ABOUT THIS EXERCISE — The required copy runs from the first line of the material through the line containing "How to Fix Data", exactly as written and without pictures.

LISTED RECORDS —
::::::

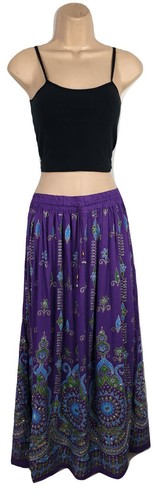 Sequin Party Skirt Summer Bohemian Maxi New Hippie Long 8 10 12 14 16 18 20 22 - Picture 41 of 85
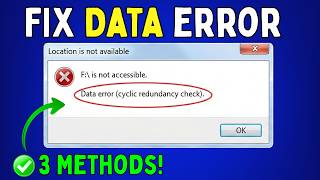 How to Fix Data error cyclic redundancy check on Windows 11/10/8/7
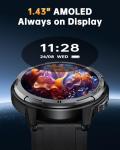 OUKITEL Smart Watch for Men, Military Watches Waterproof 1.43’ AMOLED Touchscreen Answer/Make Calls, Fitness Tracker with 24H Heart Rate Blood Oxygen Sleep Monitor 100+ Sports Modes, for Android & iOS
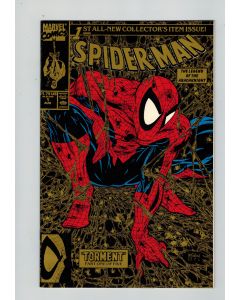 Spider-Man (1990) #   1 2nd Print (8.0-VF) (717049) Gold cover, Todd McFarlane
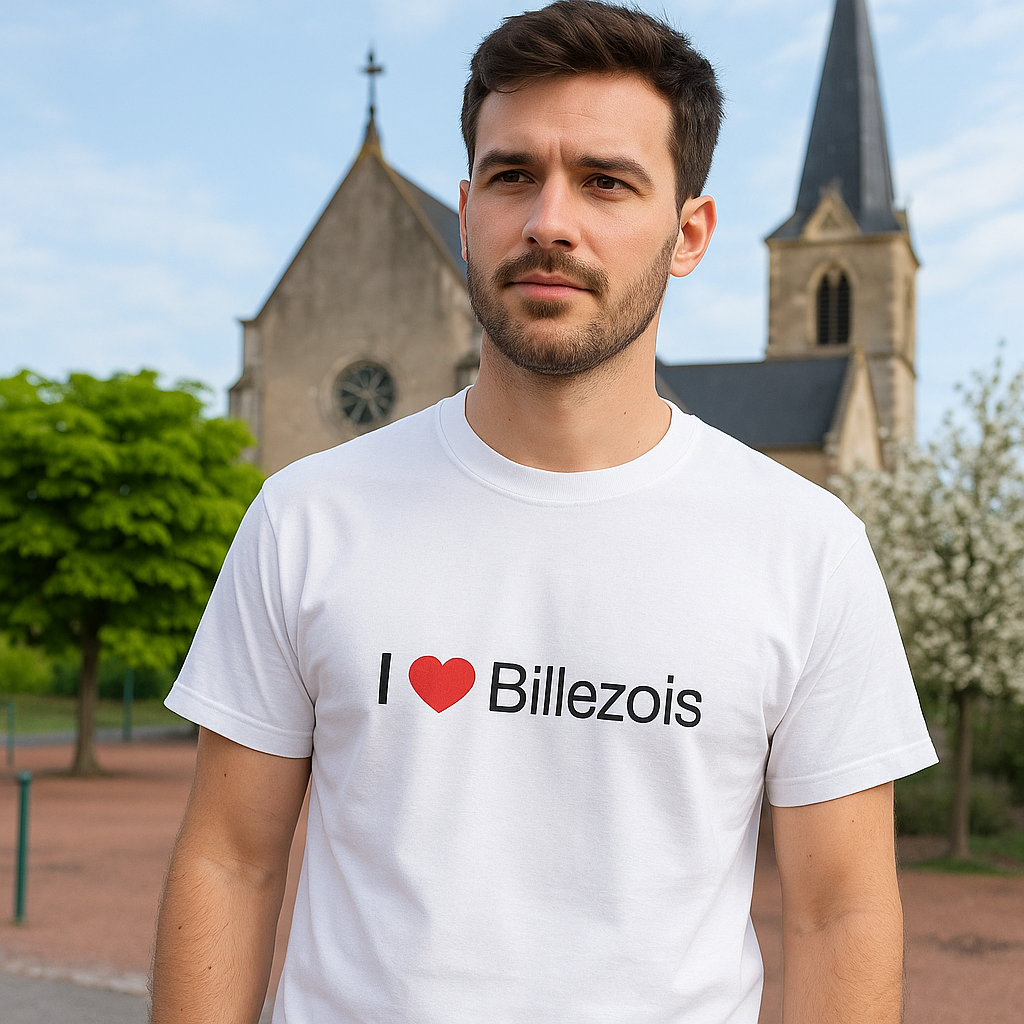 I love Billezois T-shirt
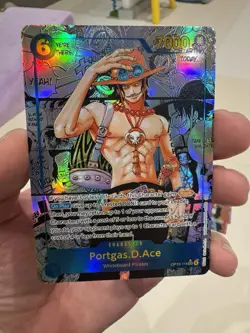 One Piece CCG Portgas D. Ace Op13-119 English Manga Sec AltArt Proxy Custom Card - Image 1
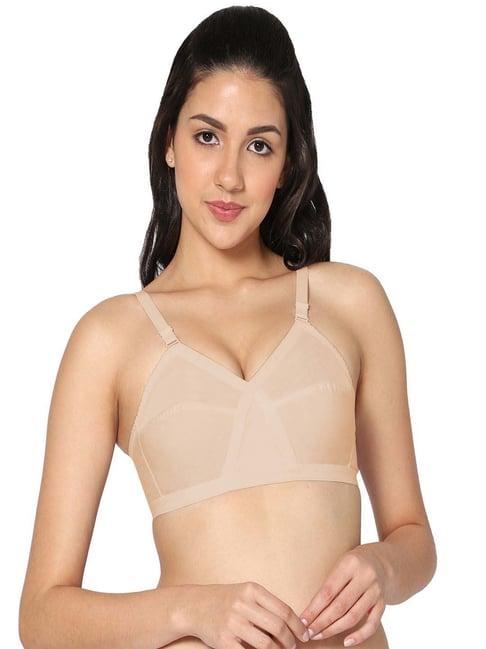 in care beige cotton t-shirt bra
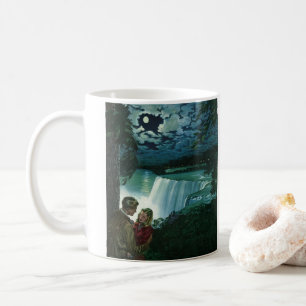 Vintage Honeymoon Love, Newlyweds at Niagara Falls Coffee Mug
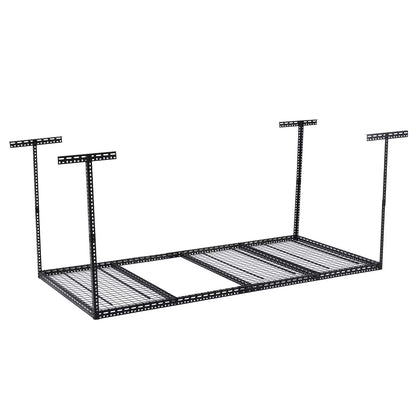 2026 NEW 4x6 Overhead Garage Storage Rack -C Heavy Duty Metal Ceiling Shelving, Adjustable Organization System for Garage -C 330lb Capacity, Easy Install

::::::

FINAL ANSWER —
 Sequin Party Skirt Summer Bohemian Maxi New Hippie Long 8 10 12 14 16 18 20 22 - Picture 41 of 85
 How to Fix Data error cyclic redundancy check on Windows 11/10/8/7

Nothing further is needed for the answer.